Besides the design, there are complex physics and modeling problems to be solved to extract the maximum possible energy from a farm of generator buoys placed in the ocean. Banerjee estimates now that 30 buoys could eventually produce enough energy to power 300 households, but there is some highly intricate modeling required to reach that ideal.
“Energy convertors need to be very precisely controlled,” says Rick Blum, the Robert W. Wieseman Research Professor of Electrical Engineering. “One way that this can be achieved is to accurately predict future wave activity.”
Blum and collaborators have developed techniques and low-complexity algorithms for these predictions, based on measurements taken from sensors around the convertors. The team also characterized the negative impact of inaccurate predictions, along with other losses present in real systems.
Larry Snyder, professor of industrial and systems engineering, working with Blum and Banerjee, has been researching how to best situate the buoys and how to understand the dynamics of ocean water movement for maximum benefit.
“Think about a wave that hits a device and then transforms because of the device. The next device the wave hits will see the transformed wave and be able to absorb a different amount of energy because of the transformation,” Snyder explains. “That amount of energy can be either higher or lower than it would have been without the first device. The arrangement of devices therefore has a big impact on the total energy produced by a wave energy farm. We have been developing optimization models for addressing this problem.”
One advantage that ocean wave and tidal energy technologies have over renewables like wind or solar is that the energy production is more predictable.
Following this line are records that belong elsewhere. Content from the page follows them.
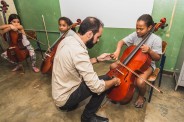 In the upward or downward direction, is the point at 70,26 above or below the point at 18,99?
above

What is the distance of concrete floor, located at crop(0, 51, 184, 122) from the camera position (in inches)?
72.8

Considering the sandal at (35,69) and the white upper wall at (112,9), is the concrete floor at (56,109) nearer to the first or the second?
the sandal at (35,69)

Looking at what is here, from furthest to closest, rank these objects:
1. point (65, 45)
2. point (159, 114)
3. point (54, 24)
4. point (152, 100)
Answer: point (54, 24)
point (152, 100)
point (159, 114)
point (65, 45)

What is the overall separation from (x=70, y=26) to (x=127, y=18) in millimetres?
931

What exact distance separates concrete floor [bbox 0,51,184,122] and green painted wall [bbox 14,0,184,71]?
591 mm

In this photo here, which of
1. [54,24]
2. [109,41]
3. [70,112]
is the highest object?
[54,24]

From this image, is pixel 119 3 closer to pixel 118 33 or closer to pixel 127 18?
pixel 127 18

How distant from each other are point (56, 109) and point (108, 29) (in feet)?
5.30

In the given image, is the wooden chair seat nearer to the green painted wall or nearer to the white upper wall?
the green painted wall

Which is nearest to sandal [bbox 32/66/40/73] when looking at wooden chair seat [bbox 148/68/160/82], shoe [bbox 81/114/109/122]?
shoe [bbox 81/114/109/122]

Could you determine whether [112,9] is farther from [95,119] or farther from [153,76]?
[95,119]

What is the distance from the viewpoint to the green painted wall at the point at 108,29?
2.28 m

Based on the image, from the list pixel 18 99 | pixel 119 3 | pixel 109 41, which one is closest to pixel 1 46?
pixel 18 99

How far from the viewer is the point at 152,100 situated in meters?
2.09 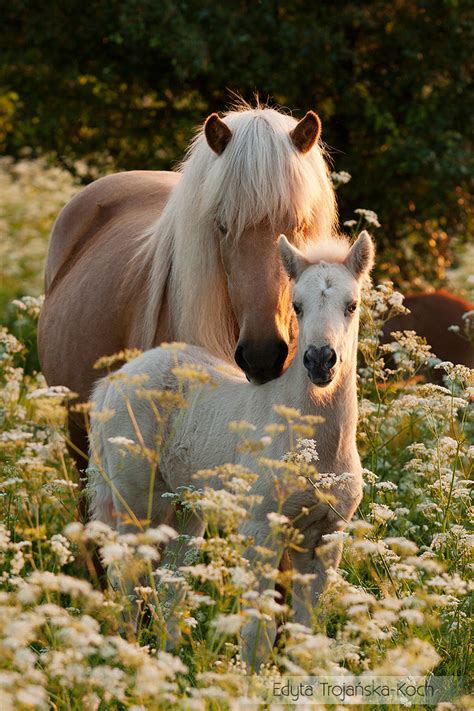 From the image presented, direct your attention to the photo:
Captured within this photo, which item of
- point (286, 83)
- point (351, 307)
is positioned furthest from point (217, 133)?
point (286, 83)

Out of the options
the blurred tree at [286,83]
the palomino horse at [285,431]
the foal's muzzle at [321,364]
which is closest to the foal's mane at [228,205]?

A surprise cloudy day or downtick in wind speeds can decrease the amount of electricity a solar array or wind turbine will produce. “If you're an independent power producer and you're going to be penalized for deviation, what is your optimal strategy?” asks Alberto Lamadrid, associate professor of economics with Lehigh’s College of Business, who is a partner on the project.
Lamadrid calculates that ocean wave energy generation is on average 15 percent more predictable than wind and solar energy, a significant advantage.
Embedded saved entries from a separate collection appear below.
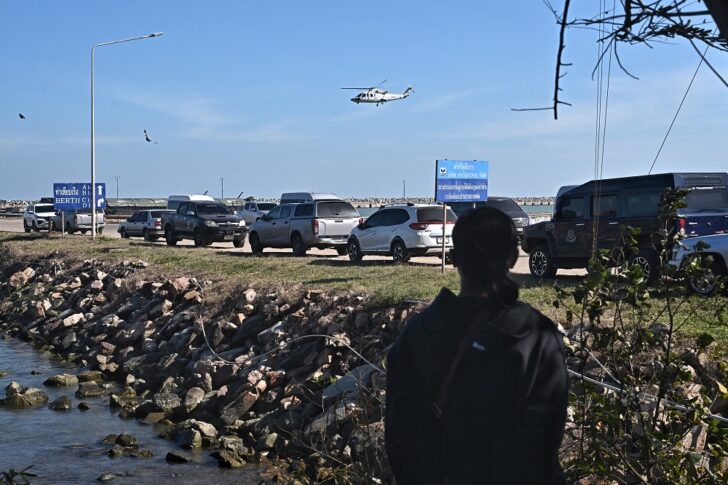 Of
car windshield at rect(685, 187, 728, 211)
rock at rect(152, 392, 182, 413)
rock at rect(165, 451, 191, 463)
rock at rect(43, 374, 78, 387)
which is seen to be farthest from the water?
car windshield at rect(685, 187, 728, 211)

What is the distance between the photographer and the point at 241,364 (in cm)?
1495

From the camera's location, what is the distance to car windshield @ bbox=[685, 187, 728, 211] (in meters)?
15.8

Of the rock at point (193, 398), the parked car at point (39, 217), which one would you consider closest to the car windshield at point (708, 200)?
the rock at point (193, 398)

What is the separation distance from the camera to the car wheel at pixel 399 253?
23.1m

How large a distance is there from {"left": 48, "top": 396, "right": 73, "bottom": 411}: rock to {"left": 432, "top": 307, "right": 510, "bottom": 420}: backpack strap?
12758 mm

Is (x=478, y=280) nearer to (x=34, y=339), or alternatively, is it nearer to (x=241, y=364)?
(x=241, y=364)

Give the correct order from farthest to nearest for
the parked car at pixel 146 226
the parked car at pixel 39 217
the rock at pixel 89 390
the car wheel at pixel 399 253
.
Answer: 1. the parked car at pixel 39 217
2. the parked car at pixel 146 226
3. the car wheel at pixel 399 253
4. the rock at pixel 89 390

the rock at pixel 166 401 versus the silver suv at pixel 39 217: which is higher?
the silver suv at pixel 39 217

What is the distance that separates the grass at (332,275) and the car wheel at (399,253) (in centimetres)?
33

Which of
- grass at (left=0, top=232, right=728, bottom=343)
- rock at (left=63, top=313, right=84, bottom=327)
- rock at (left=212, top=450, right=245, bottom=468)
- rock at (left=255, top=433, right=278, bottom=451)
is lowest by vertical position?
rock at (left=212, top=450, right=245, bottom=468)

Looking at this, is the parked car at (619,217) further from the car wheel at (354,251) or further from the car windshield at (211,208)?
the car windshield at (211,208)

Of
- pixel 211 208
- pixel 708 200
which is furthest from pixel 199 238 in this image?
pixel 708 200

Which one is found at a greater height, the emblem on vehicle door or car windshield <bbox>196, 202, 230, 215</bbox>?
car windshield <bbox>196, 202, 230, 215</bbox>

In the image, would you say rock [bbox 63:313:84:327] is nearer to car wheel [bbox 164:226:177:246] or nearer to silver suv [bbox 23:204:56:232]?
car wheel [bbox 164:226:177:246] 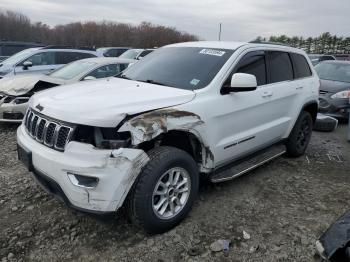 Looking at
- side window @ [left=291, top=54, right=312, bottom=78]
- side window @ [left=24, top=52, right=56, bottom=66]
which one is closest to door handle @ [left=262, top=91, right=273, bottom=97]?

“One of the main factors you have to consider here is ancillary services, which is the way energy producers cover shortages when they can’t meet promised production levels.” he explains, “It’s akin to short-term insurance. If I can’t meet the energy coverage I promised, I need someone to help me cover the gap.”
Lamadrid believes ancillary services are currently undervalued domestically, and thus the reliability of hydrokinetic power generation offers an interesting opportunity in the energy market.
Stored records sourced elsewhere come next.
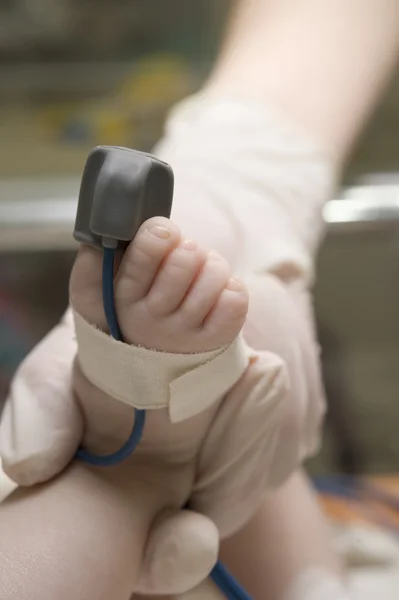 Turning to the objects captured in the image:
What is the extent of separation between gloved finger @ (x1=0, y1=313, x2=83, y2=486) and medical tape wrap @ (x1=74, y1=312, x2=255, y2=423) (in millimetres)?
30

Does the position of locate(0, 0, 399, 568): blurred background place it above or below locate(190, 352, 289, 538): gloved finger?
below

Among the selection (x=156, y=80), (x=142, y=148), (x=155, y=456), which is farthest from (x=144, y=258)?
A: (x=156, y=80)

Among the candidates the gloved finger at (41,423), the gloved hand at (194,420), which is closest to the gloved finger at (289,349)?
the gloved hand at (194,420)

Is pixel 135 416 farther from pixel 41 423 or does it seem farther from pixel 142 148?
pixel 142 148

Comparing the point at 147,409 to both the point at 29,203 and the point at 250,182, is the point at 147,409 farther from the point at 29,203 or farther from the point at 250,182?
the point at 29,203

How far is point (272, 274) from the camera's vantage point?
1.46 ft

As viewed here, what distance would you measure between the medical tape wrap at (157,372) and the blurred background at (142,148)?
508 mm

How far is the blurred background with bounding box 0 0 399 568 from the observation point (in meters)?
0.90

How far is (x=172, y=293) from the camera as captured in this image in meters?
0.30

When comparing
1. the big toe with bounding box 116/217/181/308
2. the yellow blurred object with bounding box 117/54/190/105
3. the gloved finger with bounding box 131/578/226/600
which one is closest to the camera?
the big toe with bounding box 116/217/181/308

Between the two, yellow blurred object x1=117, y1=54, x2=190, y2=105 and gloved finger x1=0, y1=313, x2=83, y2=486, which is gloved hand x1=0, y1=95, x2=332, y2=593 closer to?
gloved finger x1=0, y1=313, x2=83, y2=486

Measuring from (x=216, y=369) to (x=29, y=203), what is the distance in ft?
2.12

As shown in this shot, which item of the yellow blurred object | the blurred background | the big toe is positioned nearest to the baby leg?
the big toe

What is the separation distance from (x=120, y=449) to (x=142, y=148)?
883 millimetres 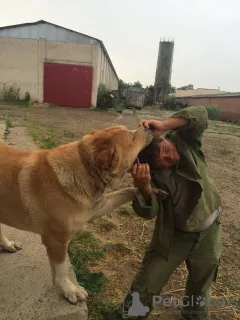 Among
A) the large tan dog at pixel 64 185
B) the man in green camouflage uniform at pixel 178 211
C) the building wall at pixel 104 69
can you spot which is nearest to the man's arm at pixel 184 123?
the man in green camouflage uniform at pixel 178 211

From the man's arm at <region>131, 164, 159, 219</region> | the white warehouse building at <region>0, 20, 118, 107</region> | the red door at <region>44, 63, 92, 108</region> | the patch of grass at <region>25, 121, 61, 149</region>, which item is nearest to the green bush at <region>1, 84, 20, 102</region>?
the white warehouse building at <region>0, 20, 118, 107</region>

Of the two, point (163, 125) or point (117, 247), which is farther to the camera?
point (117, 247)

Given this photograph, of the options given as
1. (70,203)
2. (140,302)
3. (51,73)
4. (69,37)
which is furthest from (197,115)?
(69,37)

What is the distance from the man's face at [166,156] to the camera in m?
2.56

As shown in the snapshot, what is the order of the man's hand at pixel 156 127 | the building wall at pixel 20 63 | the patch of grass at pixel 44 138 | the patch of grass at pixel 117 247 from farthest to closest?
the building wall at pixel 20 63, the patch of grass at pixel 44 138, the patch of grass at pixel 117 247, the man's hand at pixel 156 127

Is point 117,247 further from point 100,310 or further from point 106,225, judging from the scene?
point 100,310

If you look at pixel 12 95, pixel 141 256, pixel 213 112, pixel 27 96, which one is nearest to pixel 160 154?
pixel 141 256

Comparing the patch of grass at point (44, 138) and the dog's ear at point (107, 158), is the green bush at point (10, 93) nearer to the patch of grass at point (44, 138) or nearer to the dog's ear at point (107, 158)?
the patch of grass at point (44, 138)

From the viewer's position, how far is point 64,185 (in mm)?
2482

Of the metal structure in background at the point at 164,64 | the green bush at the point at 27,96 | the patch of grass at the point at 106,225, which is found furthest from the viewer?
the metal structure in background at the point at 164,64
Besides reliability, there are myriad other economic factors a renewable energy producer must evaluate when linking to the grid, and deducing the best course of action is a tangled affair. Lamadrid’s work involves a dizzying balance of time parameters, market prices, storage capacities, and much more to extract the best course in any given moment for hydrokinetic generators to interface with the market.
Verdant Power, a New York-based company, will soon be putting the first underwater tidal turbine farm into the East River to capture the energy of tidal flows.
“This will be the first time that there's going to tidal power generation from a tidal farm that is connected to the power grid in the continental United States,” says Banerjee. “We’ve done a lot of testing, and of course the open environment is quite different from simulations or what you see in the lab, but we are very excited.”
The Roosevelt Island Tidal Energy project has a 10-year license, and is slated to generate 1 MW of electricity from the back and forth flows of the East River, a tidal estuary in New York City.
“I have been working on this technology for more than a decade, and I’d really like to see it evolve,” says Banerjee. “Even if we don’t reap the benefits directly, the next generation will. That motivates me as a researcher and as a person.”